Once more, if you need some further details about one point or another, get some documentation by yourself. I often find Wikipedia as being a good entry point to such knowledge, thus I often link to Wikipedia.

Why replace the ISP CPE ?

Well, to push things further.  In one sentence : to put your hand into OSI from 1 to 4 at least and master everything in your home network.

ISP CPE are usually closed black boxes equiped with light hardware, or at most medium, that talks in OSI layers 1 to 7 the way the ISP has programmed it to.

This is not to say they are bad, as-is, but they usually don't offer very advanced settings. Like for example, my router is connected to several friends' routers and networks through VPNs using GRE/IPSec or PPTP or OpenVPN. My Router then talks BGP onto those VPNs, to push/pull routes to/from my peers so that we can make our Internet with our rules on top of the global Internet. Not really a use case you may do with your ISP default CPE that usually can barely handle few devices connected to it on the LAN part, end-of-story.

Also, the firewall embeded into the CPE is really weak (in configuration I mean). You can't really play on the connection tracking (TCP timeouts, TCP SYN cookies, options, etc...), the rules are basic, etc... With IPV4, the NAT features also are just basic and can't be pushed any further (NAT Hairpinning, for example ?)

Example of a SOHO rackable Mikrotik router I own.

There are many reasons to use your own hardware instead of the one provided by your ISP. If you change ISP, you change the hardware ? The technology bringing Internet access is the same between ISPs, why should one change the hardware then, and re-do a complete configuration from nothing ?

But be warned if you replace your CPE, you take some responsibilities :

  • Patching your stack when your ISP will patch the other side (may happen, everything evolves)
  • Securing yourself, fully (firewall). If you make a breach, you may pay it or make other Internet users pay it (replay attacks)
  • Securing your router by updating its firmware and OS as often as needed

Last thing : You must absolutely keep the CPE somewhere. If the ISP updates its protocols, you are disconnected and in a black hole. You'll then need to reconnect the CPE, wait for its firmware to get patched upon connection, and then dump again the new network procedure and dialogue. The CPE in France is usually attributed to the customer as part of the monthly subscription fee.
You could also find some Web access and browse forums for help if you don't feel up for a network study case when ISP update happens ;-)

Choosing your hardware

Well I cannot choose for you. If you already feel comfortable in a brand, go for it. Check what it allows you to do, and how deep you are allowed to go. Some routers are just like ISP CPE : very cheap, not pushed very far.

It all depends on your own needs ;-)

I use Mikrotik

I did myself invest in Mikrotik hardwares some years ago, nearly for a decade now. I wanted to keep in the SOHO range with cool features, cool hardware, but not BIG price. Mikrotik does the job, also Ubiquiti is a known brand in the same range.

You may choose fully open source software solutions, or closed source ones. Mikrotik is closed source and it is known to be built on top of a Linux Kernel.

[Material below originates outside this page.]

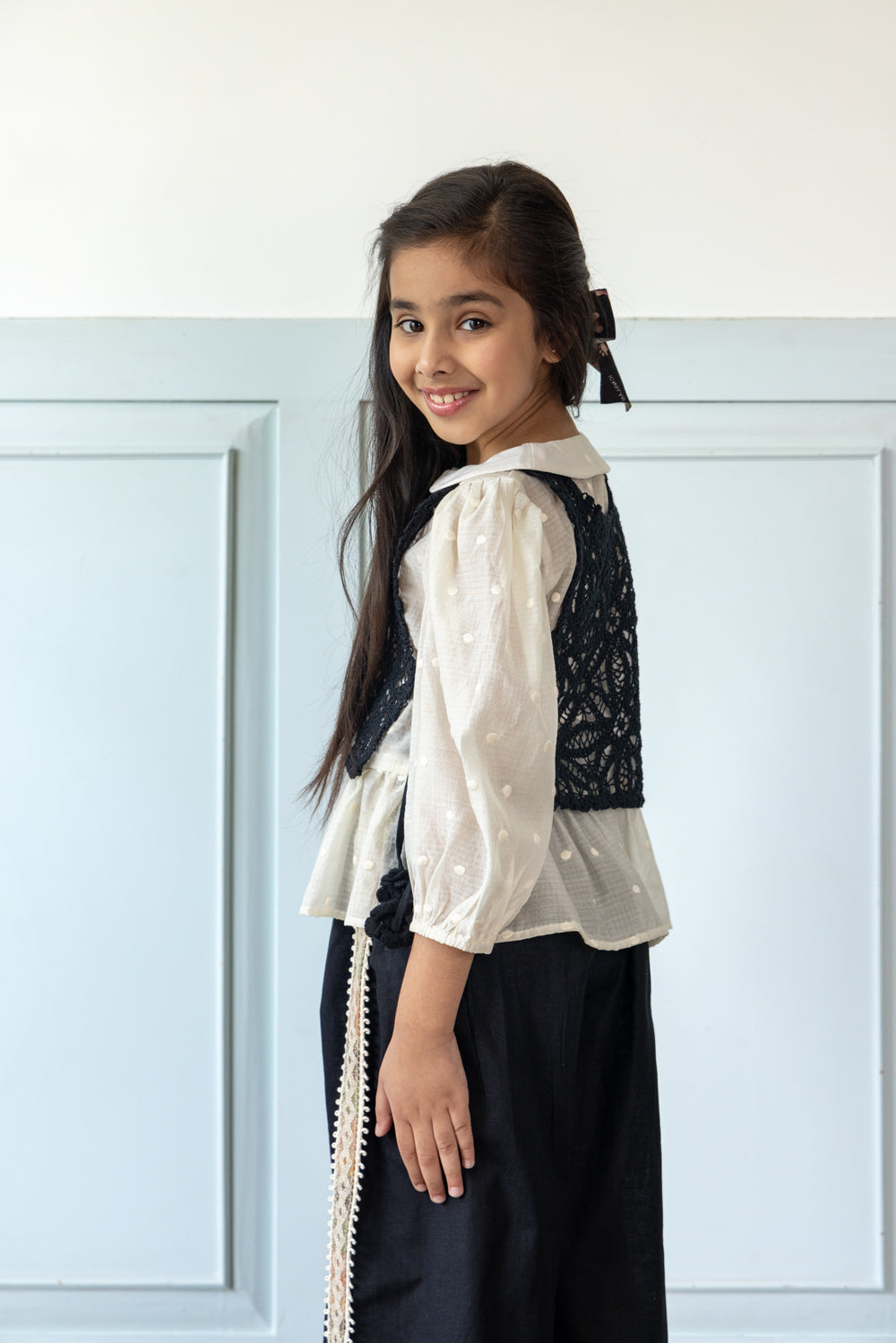 Black Linen Coord Set With Crochet Bib-Top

From my own point of view and experience, Mikrotik is wonderful as it offers so many advanced features, at every OSI layer, accessible through easy command line syntax, or pretty nice GUI; for a very interesting price, let's say it : a cheap price.
Not many bugs, not many security flaws in the OS or tools, a good wiki, a good forum, some rare books (but still), etc...
They mainly sell hardware with their software pre-installed, or licences for their OS standalone, which is called RouterOS. The OS can be tried for free with many features enabled, on an X86 machine. Other atchitectures are supported as well. Try it, I'm sure you will enjoy it like I do.

This blog post will describe scenarios using Mikrotik hardware and RouterOS software (ROS) version 6.45.7 from end of 2019.

Internet access technologies

Well today, there exists two main technologies : DSL, should it be Symetric or Asymetric, and fiber based access.

So, you have to connect your router weither to a telephone cable (DSL), or a light-based optical cable (fiber). For that, you will probably use SFP modules :

SFP module for fiber technology
SFP module for DSL technology

If not, you can use a transformer device that will turn the Internet socket (DSL or Fiber), into a more common Ethernet RJ45 cable. For DSL, those devices are modems. For the fiber case : they don't touch anything but just convert the signal from one OSI layer 1 to another. Like this one :

TP-LINK MC220L , known to work perfectly with Orange ISP fiber. Converts from SFP to RJ45

Layer 1 transformer devices are active devices thus requiring a power source.

Authentication protocols

The protocols used to authenticate your device against the ISP-side one will be weither PPP based, or DHCP based. In 2019 at least. There exists other protocols, pretty uncommon. I haven't got a lot of knowledge in those however.

You should apply an ISP that talks common protocols, RFC'ed. If the ISP stack is custom, then you may figure out if it is possible to connect to it using your own hardware. To help in this task and get the informations, turn to your ISP directly, or if that later is somehow keeping informations for itself, use public forums where tons of people experiment, discuss, dump, think, debate ... and above all : share knowledge. For France, lafibre.info is a nice resource.

The Orange case-study with fiber technology

Orange is the name of the ISP that will be studied here. I leave in France, as a reminder. We will study a fiber access case. DSL access is not that much different.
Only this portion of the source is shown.